Omit every picture while you reproduce the entries that follow word for word.

####

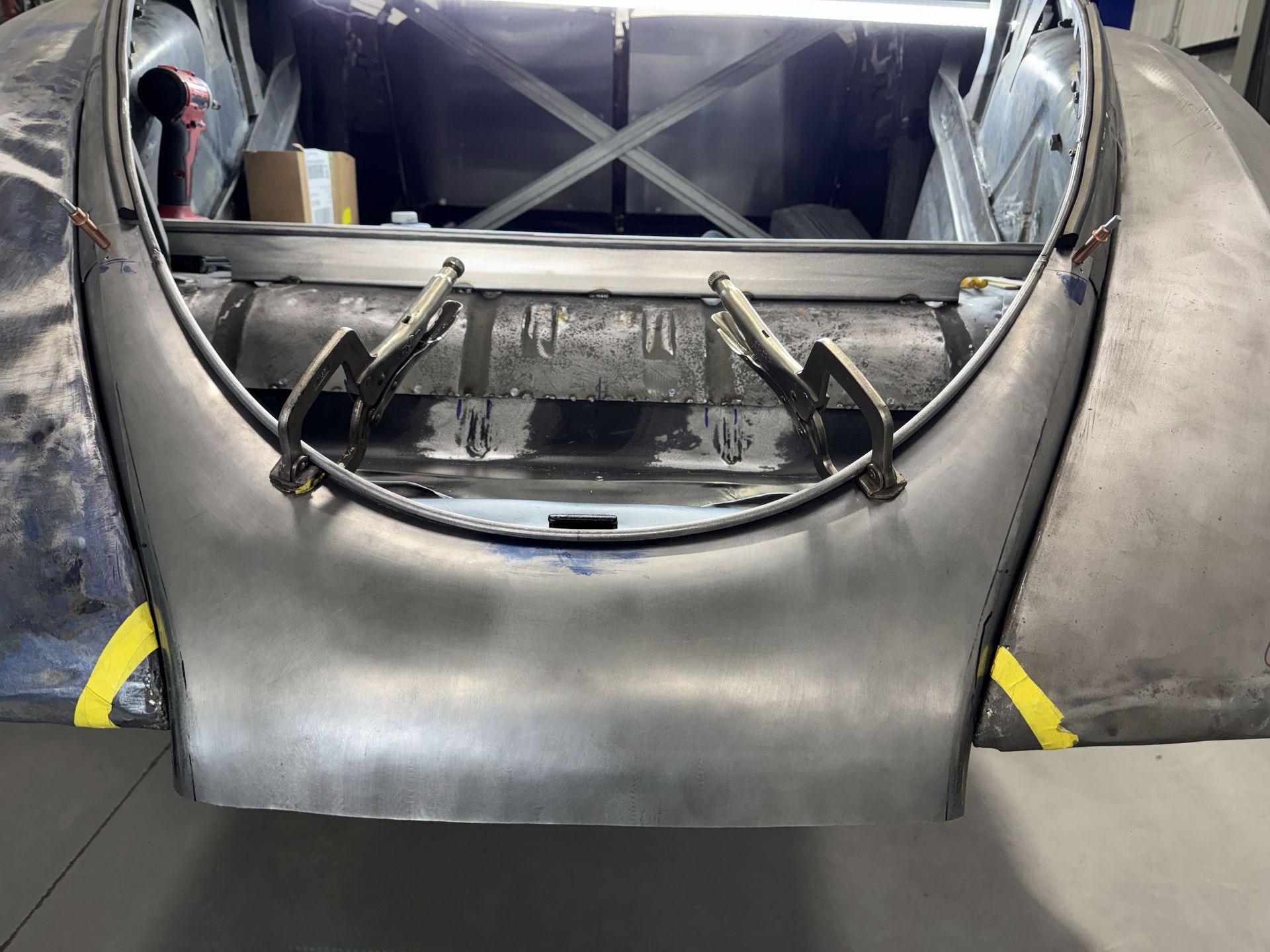 The hood of a car is being built in a garage.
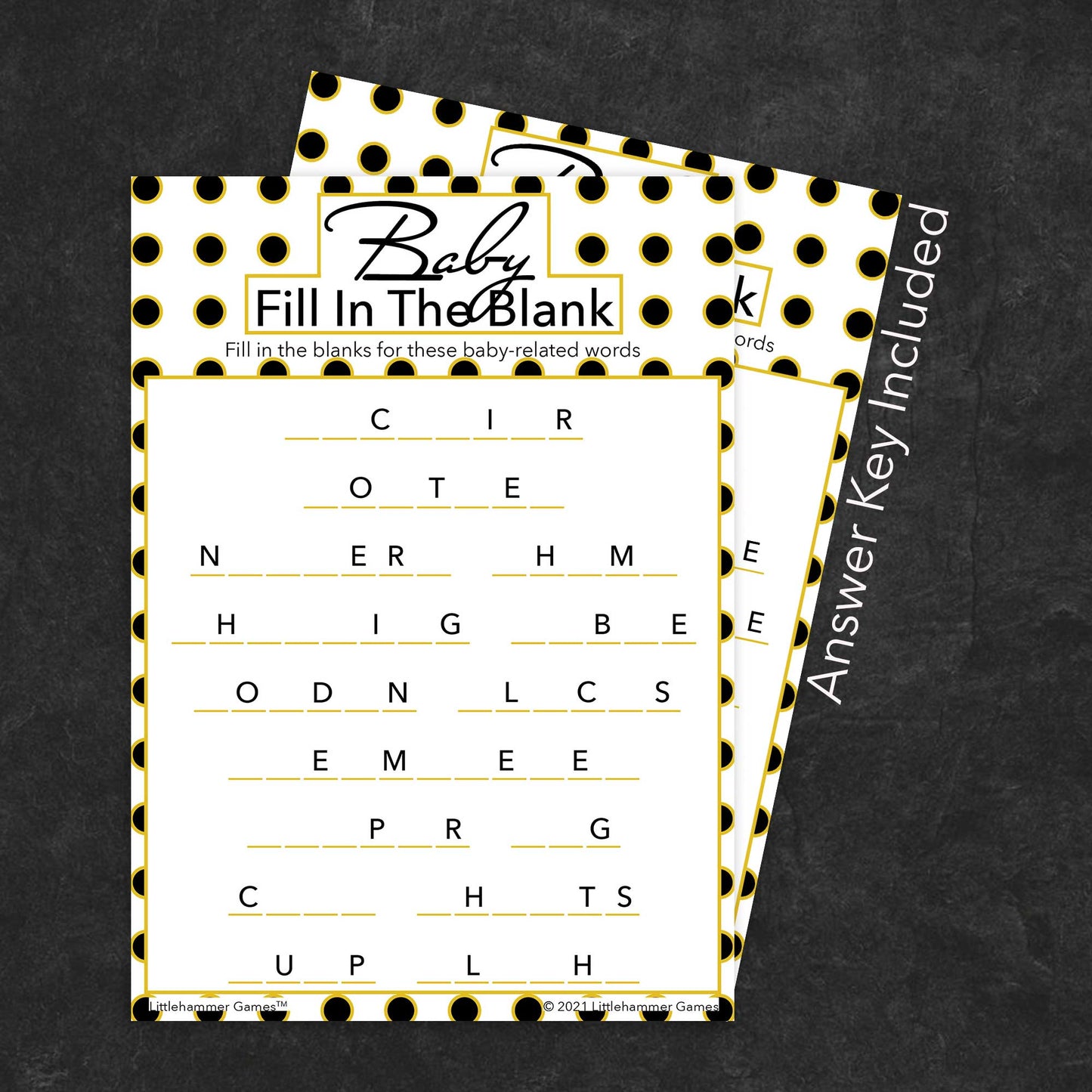 Baby Fill in the Blank game card with a black and gold polka dot background with answer card tucked behind it on a slate background with white text that says "Answer Key Included"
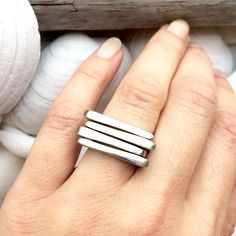 Minimalist Geometric Simple Stacking Ring. Hand carved minimalist asymmetrical bar ring. Perfect alone or stacked in multiples. Carved out of wax and cast in an intentionally organic, rounded, raw style to preserve the handmade design. Feels great on and is definitely eye catching stacked in alternating directions.  Cast in silver and white brass (hypoallergenic; lead and nickel free). Currently only available in size 6 You choose how many you want, the more you stack the better the deal :) Stacked Minimalist Midi Rings, Minimalist Stackable Rings, Modern Stacked Jewelry, Modern Handmade Stackable Rings With Open Band, Modern Handmade Stackable Rings For Everyday, Modern Handmade Stackable Open Band Rings, Modern Stacked Rings For Everyday, Modern Stacked Rings For Everyday Wear, Simple Stacking Rings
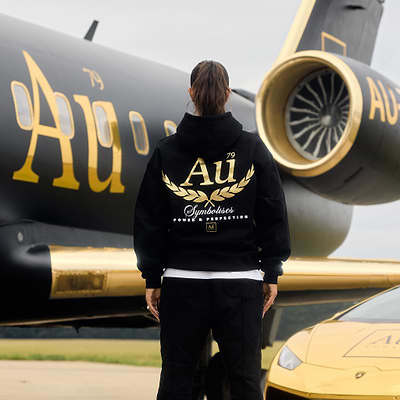 Person wearing a black hoodie with gold 'Au' logo on the back in front of car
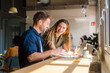 © Nuria Seguí/Stocksy - Businesspeople Working Together With Laptop In Modern Workplace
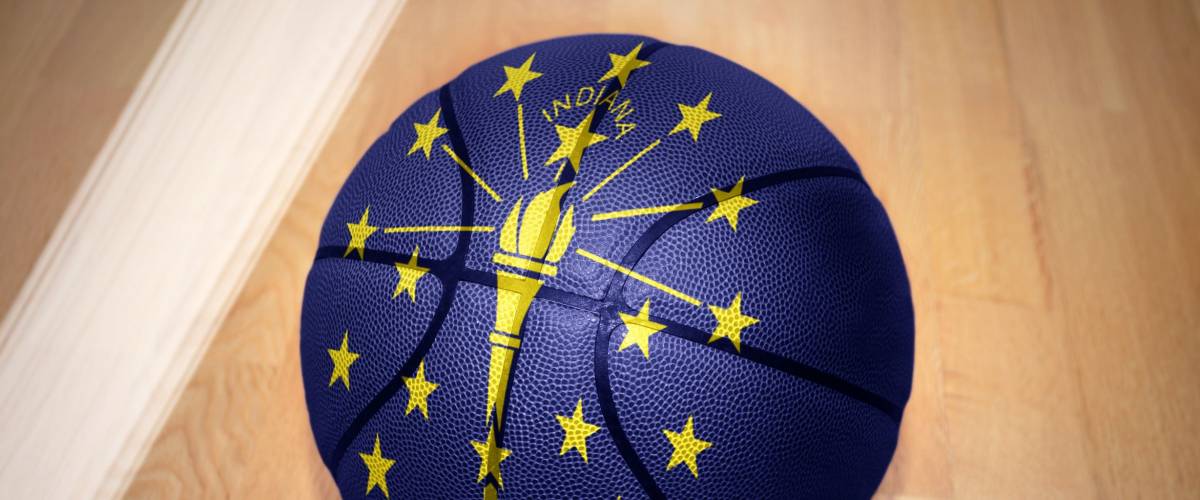 basketball ball with the flag of indiana state lying on the floor near the white line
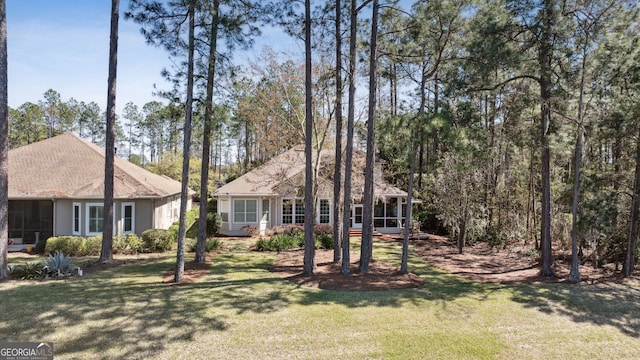 246 Heron Ct, Saint Marys, GA 31558 - view of front of home featuring a front yard and a sunroom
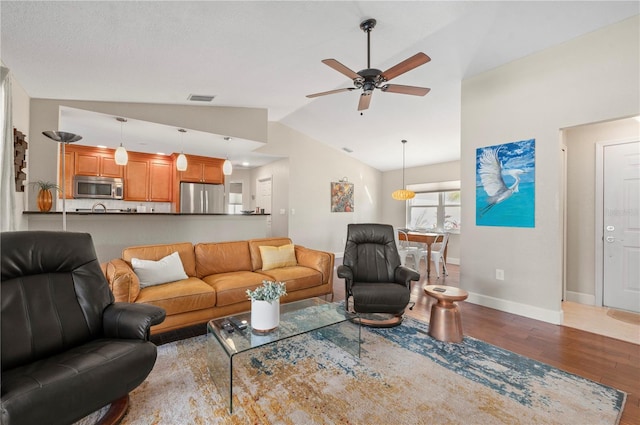 living room featuring hardwood / wood-style floors, vaulted ceiling, and ceiling fan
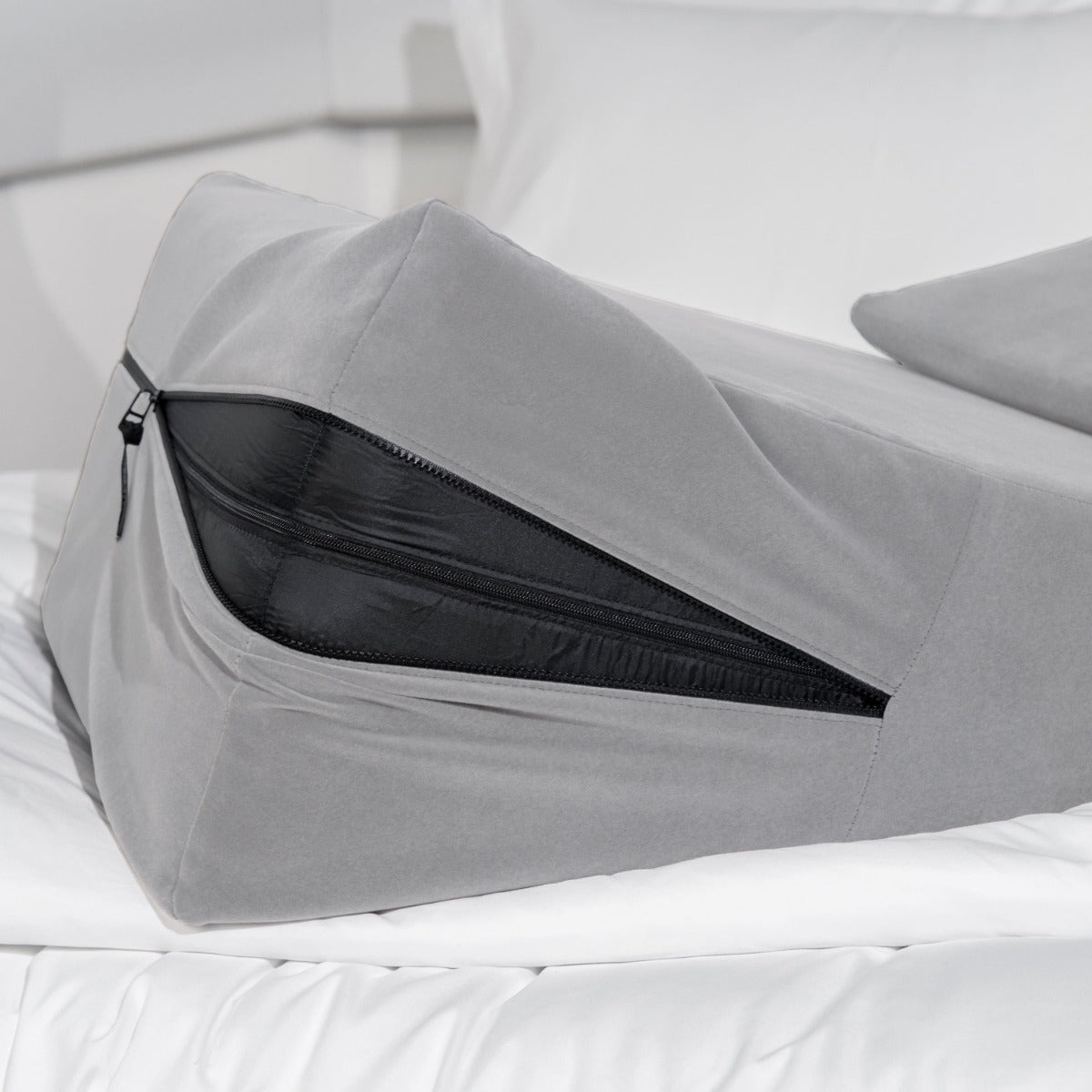 Gray zipped-open ramp pillow on a white mattress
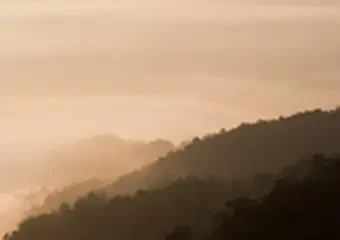 Misty mountain layers at sunrise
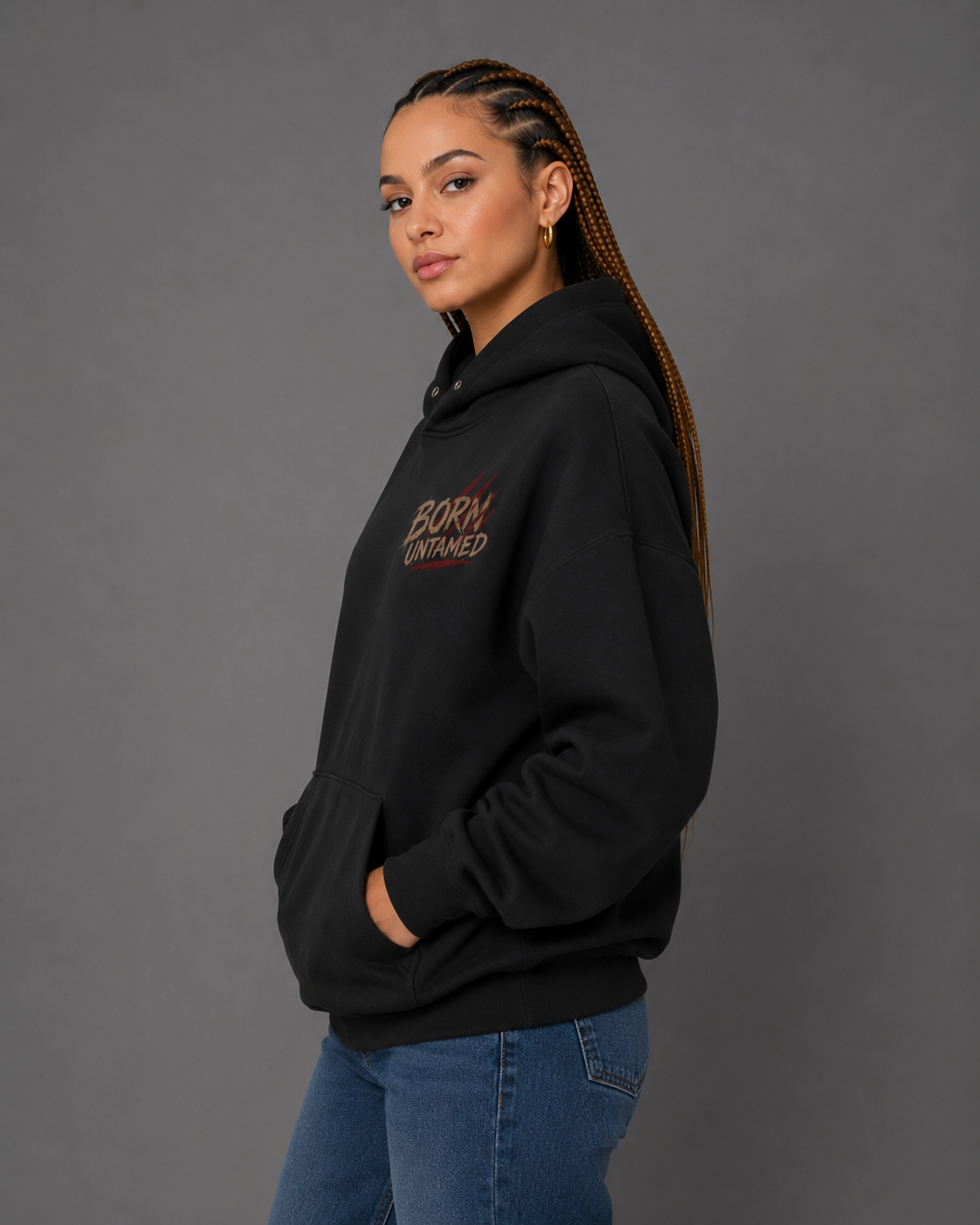 Female model wearing a black “Born Untamed” hoodie in a side view, showcasing the small distressed chest graphic with red accents.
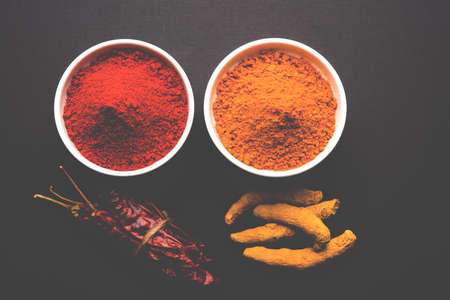 heap of turmeric and red chilli powder in a ceramic bowl on a white or black backgroundの写真素材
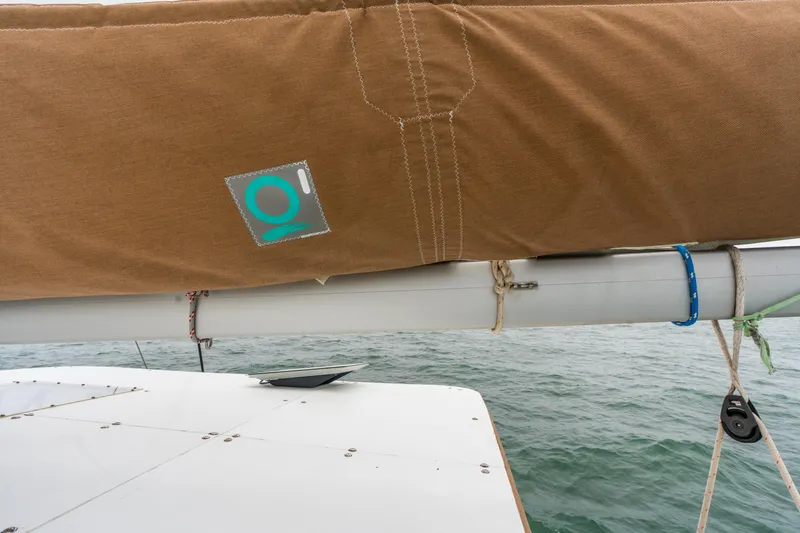 Audacity Yacht Photos Pics Sailboat boom with brown cover on 2013 Lagoon 450 catamaran, ocean background.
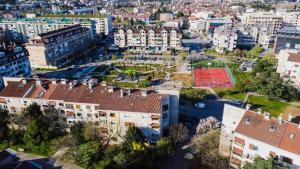 an aerial view of a city with a tennis court at Apartment Kosta in Podgorica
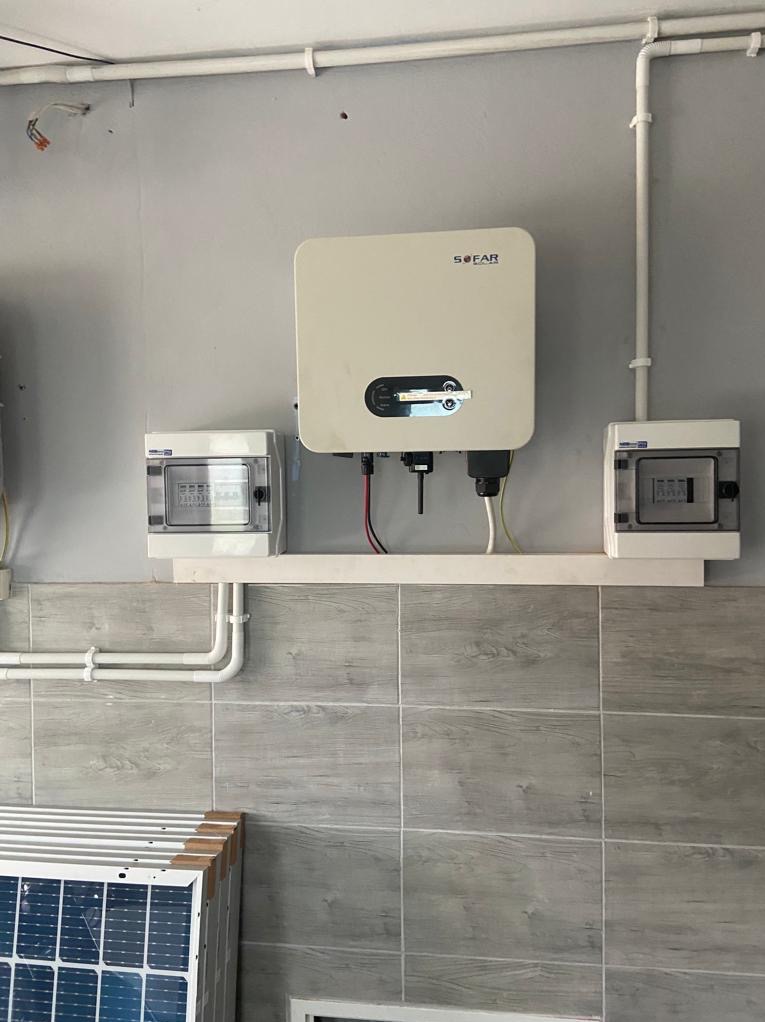 Zamontowany inwerter Sofar z przewodami i skrzynkami zabezpieczeń na tle ściany wyłożonej płytkami imitującymi drewno, z widocznymi panelami fotowoltaicznymi w dolnej części kadru.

####

Response to the task –
 The hood of a car is being built in a garage.
 Baby Fill in the Blank game card with a black and gold polka dot background with answer card tucked behind it on a slate background with white text that says "Answer Key Included"
 Minimalist Geometric Simple Stacking Ring. Hand carved minimalist asymmetrical bar ring. Perfect alone or stacked in multiples. Carved out of wax and cast in an intentionally organic, rounded, raw style to preserve the handmade design. Feels great on and is definitely eye catching stacked in alternating directions.  Cast in silver and white brass (hypoallergenic; lead and nickel free). Currently only available in size 6 You choose how many you want, the more you stack the better the deal :) Stacked Minimalist Midi Rings, Minimalist Stackable Rings, Modern Stacked Jewelry, Modern Handmade Stackable Rings With Open Band, Modern Handmade Stackable Rings For Everyday, Modern Handmade Stackable Open Band Rings, Modern Stacked Rings For Everyday, Modern Stacked Rings For Everyday Wear, Simple Stacking Rings
 Person wearing a black hoodie with gold 'Au' logo on the back in front of car
 © Nuria Seguí/Stocksy - Businesspeople Working Together With Laptop In Modern Workplace
 basketball ball with the flag of indiana state lying on the floor near the white line
 246 Heron Ct, Saint Marys, GA 31558 - view of front of home featuring a front yard and a sunroom
 living room featuring hardwood / wood-style floors, vaulted ceiling, and ceiling fan
 Gray zipped-open ramp pillow on a white mattress
 Misty mountain layers at sunrise
 Female model wearing a black “Born Untamed” hoodie in a side view, showcasing the small distressed chest graphic with red accents.
 heap of turmeric and red chilli powder in a ceramic bowl on a white or black backgroundの写真素材
 Audacity Yacht Photos Pics Sailboat boom with brown cover on 2013 Lagoon 450 catamaran, ocean background.
 an aerial view of a city with a tennis court at Apartment Kosta in Podgorica
 Zamontowany inwerter Sofar z przewodami i skrzynkami zabezpieczeń na tle ściany wyłożonej płytkami imitującymi drewno, z widocznymi panelami fotowoltaicznymi w dolnej części kadru.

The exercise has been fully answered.